• Work instruction:
The line with "Duvarlarla çevrili tarihi", the line with "Eidelweiss Village Ski", and all lines between them in the material below: return these exactly, and no others.

• Records for the task:
*** Begin section ***

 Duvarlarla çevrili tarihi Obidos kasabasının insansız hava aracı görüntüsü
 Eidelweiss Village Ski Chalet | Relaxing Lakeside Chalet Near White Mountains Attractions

*** End section ***
*** Begin section ***

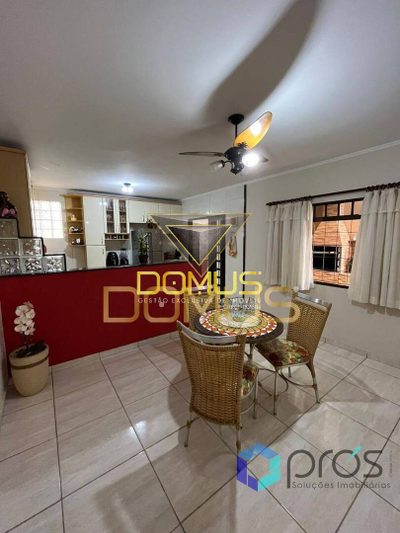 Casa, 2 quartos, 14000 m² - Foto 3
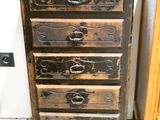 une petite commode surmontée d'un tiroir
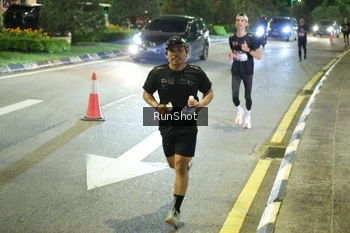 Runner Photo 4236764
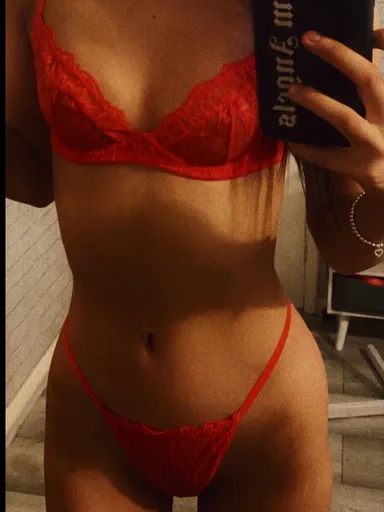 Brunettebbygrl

*** End section ***
*** Begin section ***

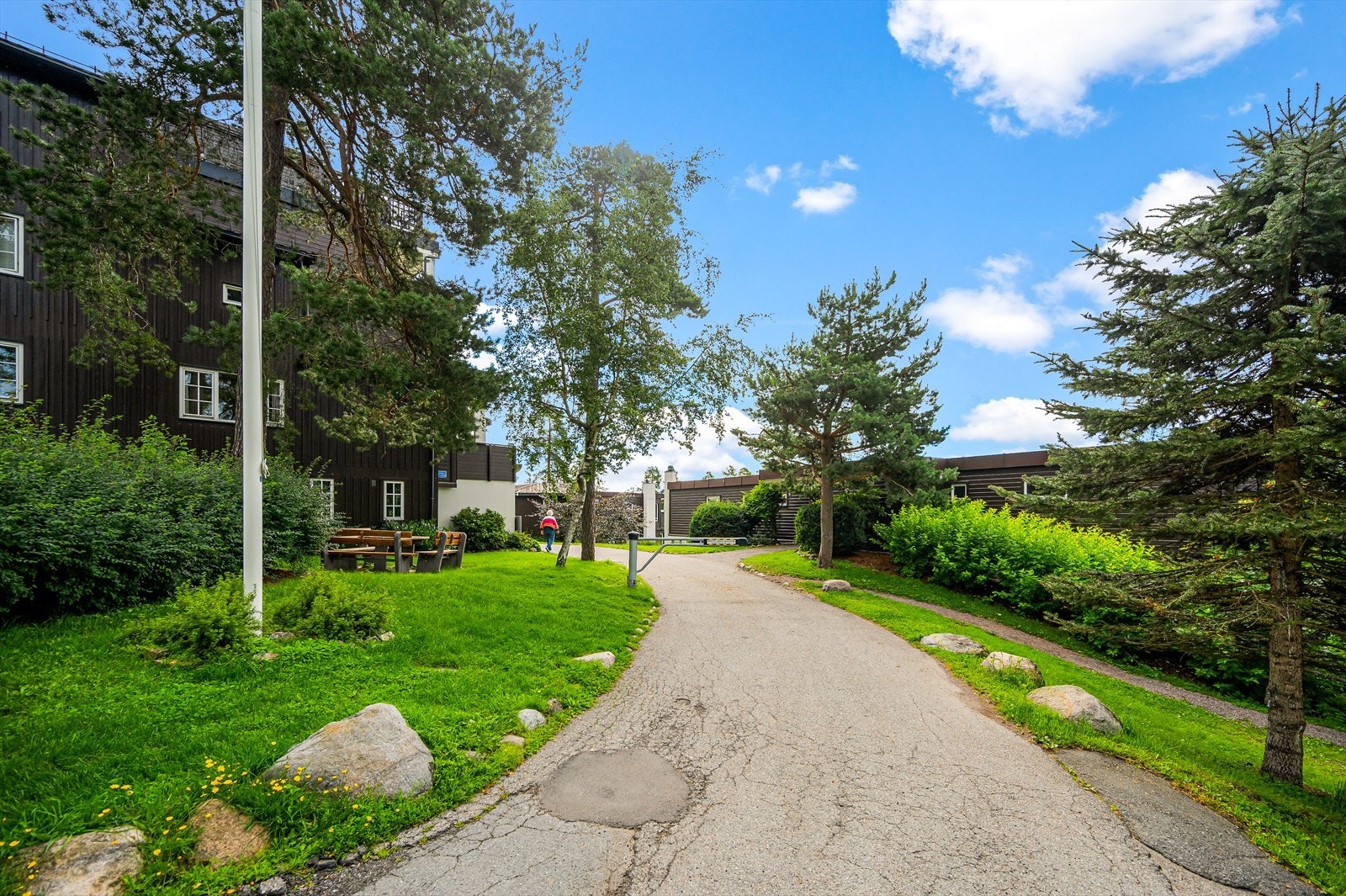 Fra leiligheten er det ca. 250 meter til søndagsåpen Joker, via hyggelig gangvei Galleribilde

*** End section ***

• Answer to this exercise:
 Duvarlarla çevrili tarihi Obidos kasabasının insansız hava aracı görüntüsü
 Eidelweiss Village Ski Chalet | Relaxing Lakeside Chalet Near White Mountains Attractions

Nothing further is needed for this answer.